══ DATA BELOW

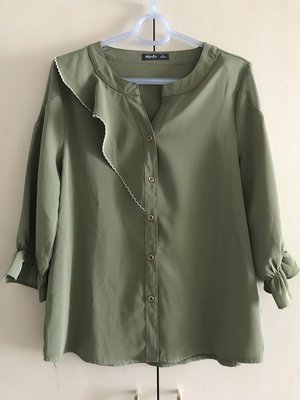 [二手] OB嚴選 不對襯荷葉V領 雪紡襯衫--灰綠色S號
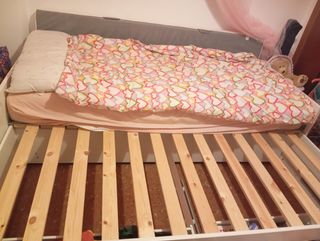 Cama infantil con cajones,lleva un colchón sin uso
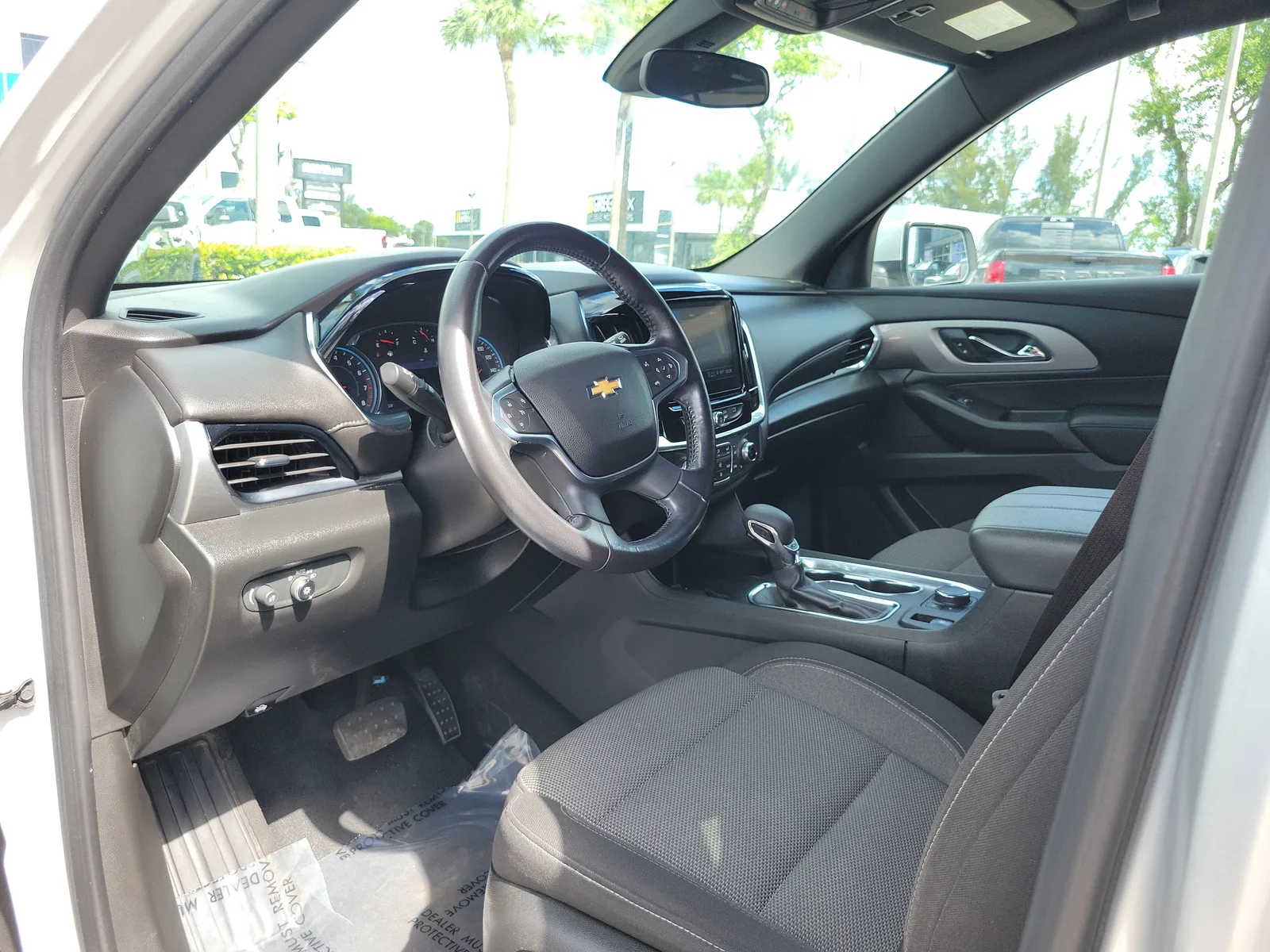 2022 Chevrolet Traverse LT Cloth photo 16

════

Beginning at the line that contains "Cama infantil con", retype each line of the data above through the very last one. Do not retype the pictures.

 Cama infantil con cajones,lleva un colchón sin uso
 2022 Chevrolet Traverse LT Cloth photo 16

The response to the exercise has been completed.